====== Data for analysis ======
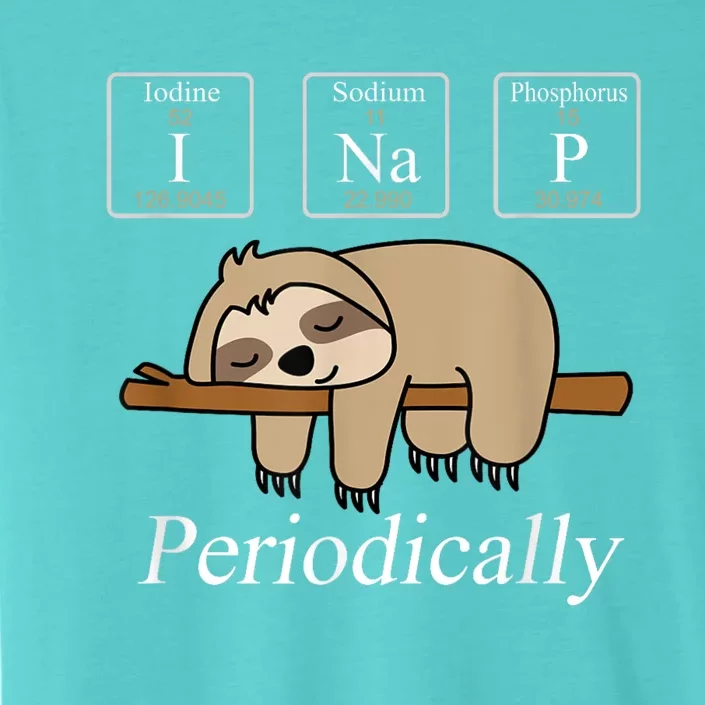 Funny Chemistry Nerdy Lazy Sloth I Nap Periodically ChromaSoft Performance T-Shirt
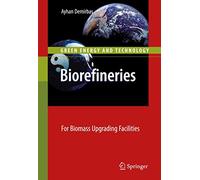 Biorefineries: For Biomass Upgrading Facilities (Green Energy and Technology)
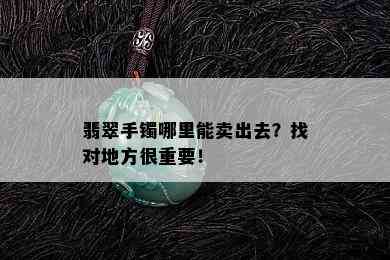 翡翠手镯哪里能卖出去？找对地方很重要！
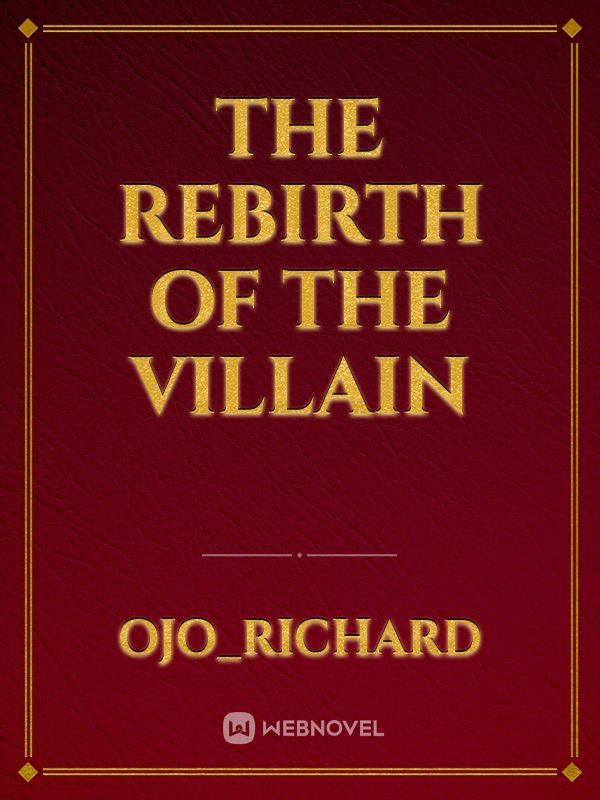 The Rebirth Of The Villain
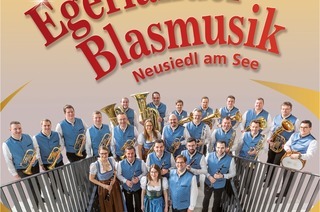 Galakonzert der Egerlnder Blasmusik Neusiedl am See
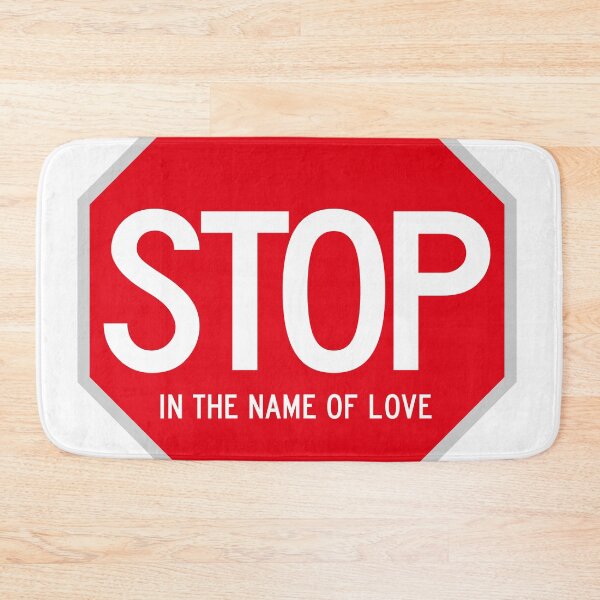 Item preview, Stop In the Name of Love Sign designed and sold by Mark Zajac.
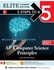 Mcgraw Hill 5 Steps to a 5: AP Computer Science Principles 2023 Elite Student Edition: Elite Edition ,Ed. :1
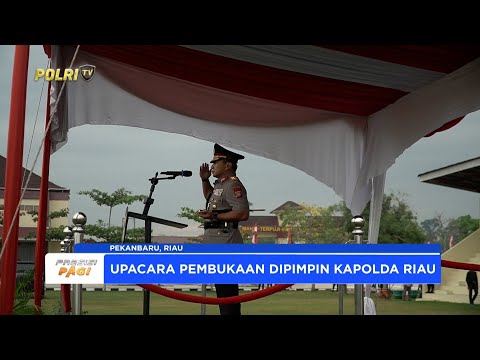 KAPOLDA RIAU PIMPIN PEMBUKAAN PENDIDIKAN SISWA BINTARA POLRI 2025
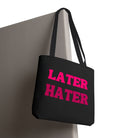 Later Hater Nectar Napkins Tote Bag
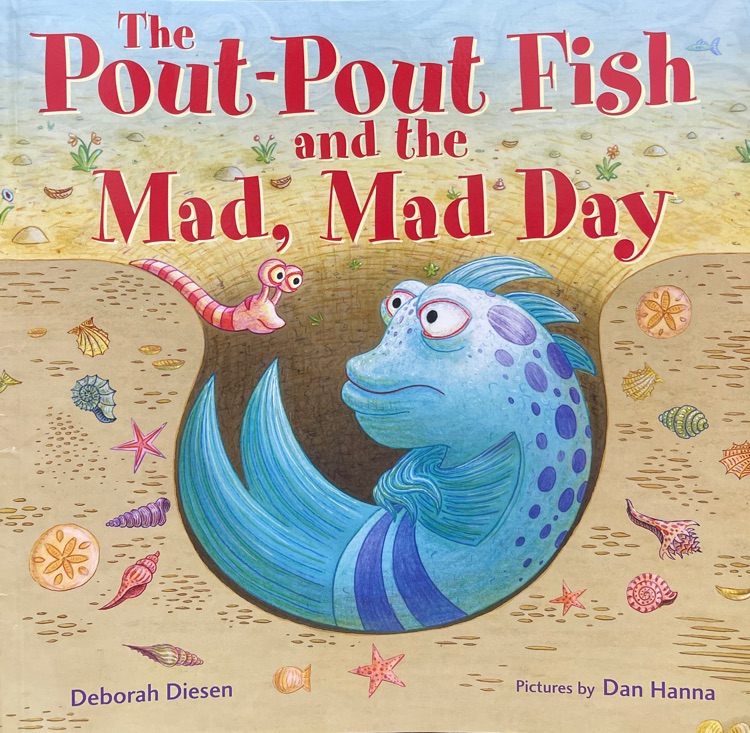 The Pout-Pout Fish and the Mad, Mad Day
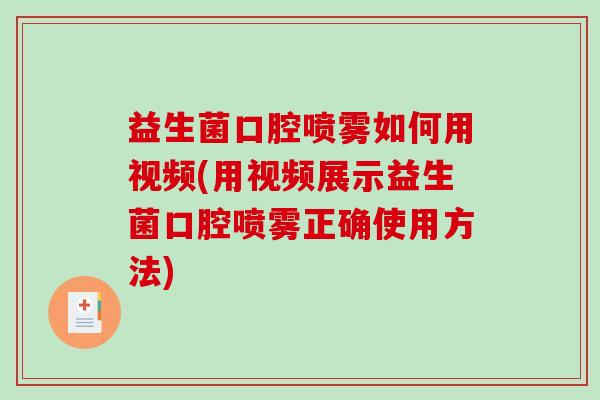 益生菌口腔喷雾如何用视频(用视频展示益生菌口腔喷雾正确使用方法)
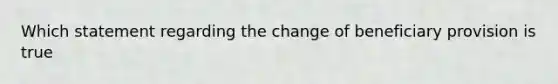 Which statement regarding the change of beneficiary provision is true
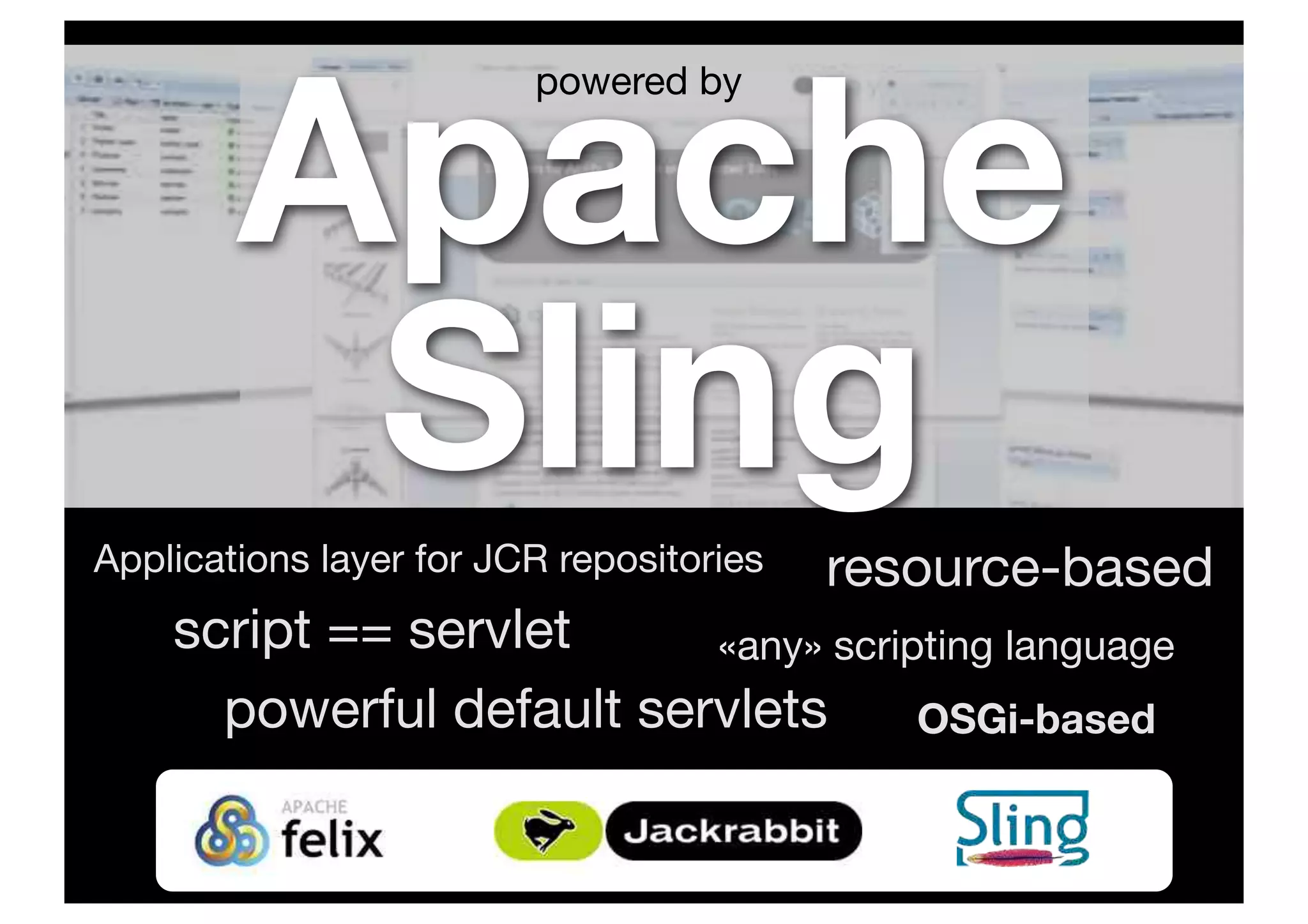 Apache
SlingApplications layer for JCR repositories
«any» scripting languagescript == servlet
OSGi-basedpowerful default servlets
resource-based
powered by
 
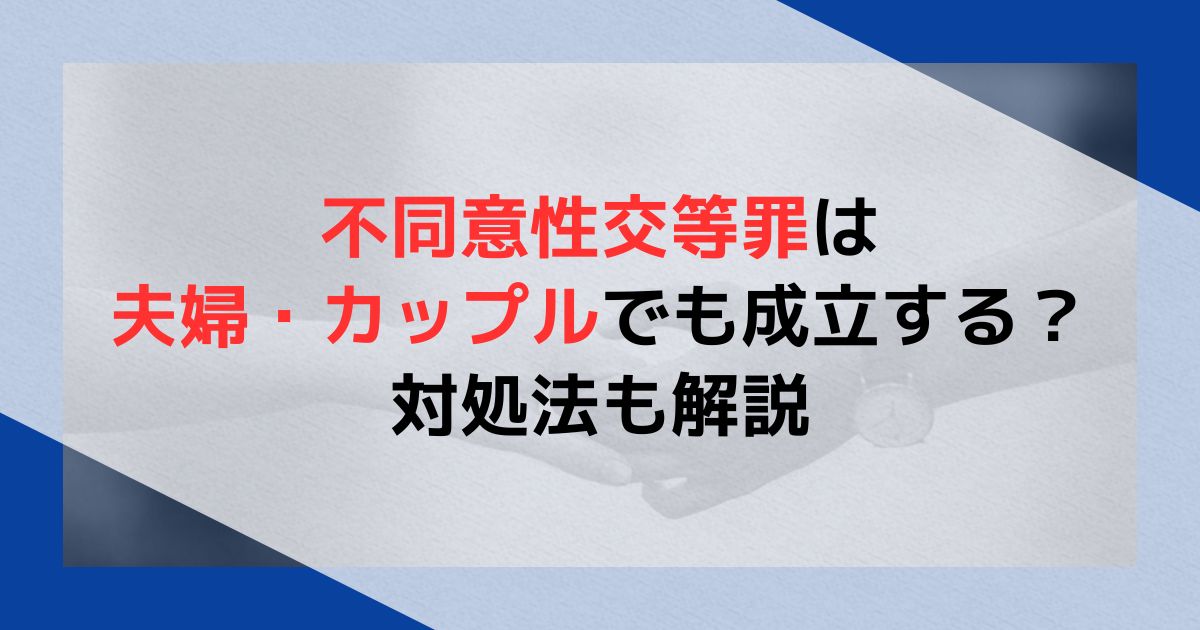 不同意性交等罪は夫婦・カップルでも成立する？対処法も解説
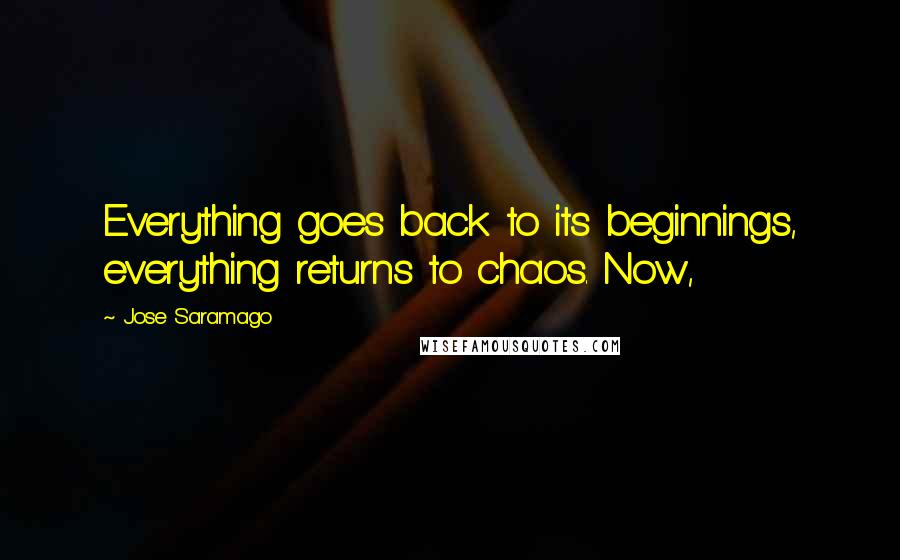 Jose Saramago quotes: Everything goes back to its beginnings, everything returns to chaos. Now,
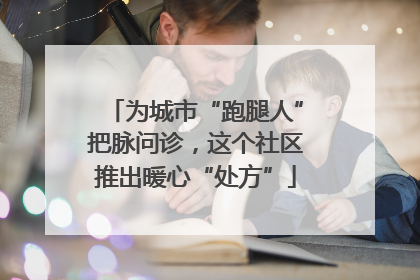 为城市“跑腿人”把脉问诊，这个社区推出暖心“处方”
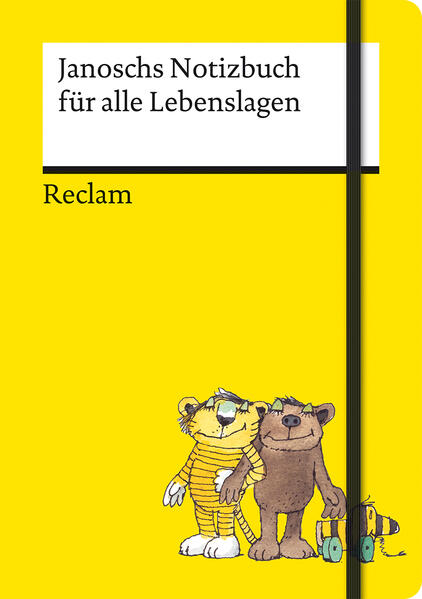 Janoschs Notizbuch für alle Lebenslagen: Hochwertiges Notizbuch, A5, liniert, mit Fadenheftung, Lesebändchen, Verschlussgummi und lustigen Weisheiten von Janoschs beliebten Figuren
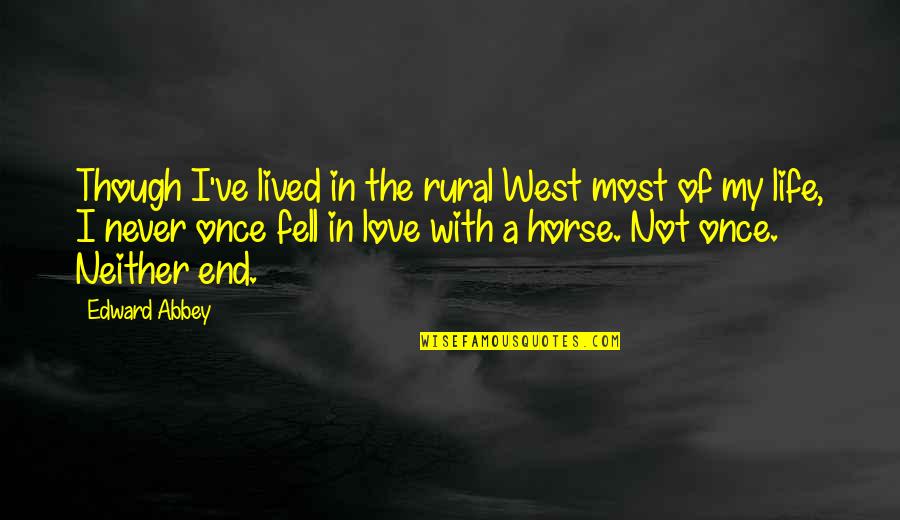 A Life Not Lived Quotes By Edward Abbey: Though I've lived in the rural West most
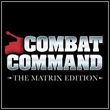 game Combat Command: The Matrix Edition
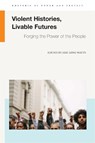 Violent Histories, Livable Futures - Eric King Watts - 9781611865660
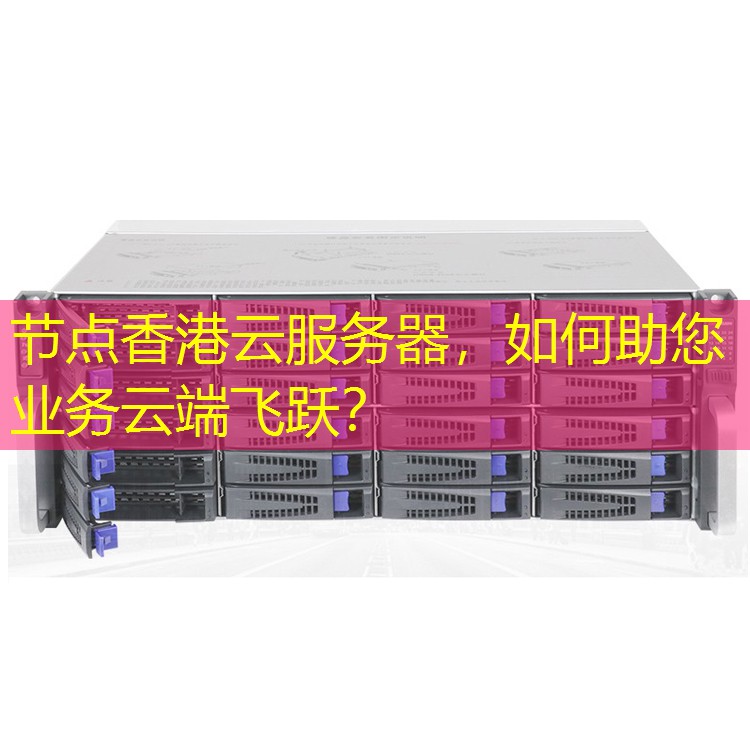 节点香港云服务器，如何助您业务云端飞跃？
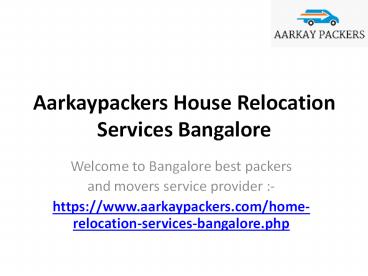Aarkaypackers House Relocation Services Bangalore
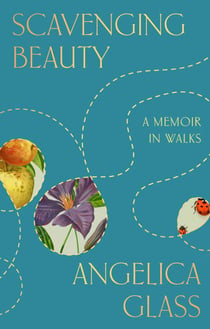 Scavenging Beauty - A Memoir in Walks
======
**To do**. Restate the lines of the records exactly, starting at the first and stopping after the line with "languagescript == servlet". Leave out any picture.

**Answer space**.
 Funny Chemistry Nerdy Lazy Sloth I Nap Periodically ChromaSoft Performance T-Shirt
 Biorefineries: For Biomass Upgrading Facilities (Green Energy and Technology)
 翡翠手镯哪里能卖出去？找对地方很重要！
 The Rebirth Of The Villain
 Galakonzert der Egerlnder Blasmusik Neusiedl am See
 Item preview, Stop In the Name of Love Sign designed and sold by Mark Zajac.
 Mcgraw Hill 5 Steps to a 5: AP Computer Science Principles 2023 Elite Student Edition: Elite Edition ,Ed. :1
 KAPOLDA RIAU PIMPIN PEMBUKAAN PENDIDIKAN SISWA BINTARA POLRI 2025
 Later Hater Nectar Napkins Tote Bag
 The Pout-Pout Fish and the Mad, Mad Day
 益生菌口腔喷雾如何用视频(用视频展示益生菌口腔喷雾正确使用方法)
 Which statement regarding the change of beneficiary provision is true
 Apache
SlingApplications layer for JCR repositories
«any» scripting languagescript == servlet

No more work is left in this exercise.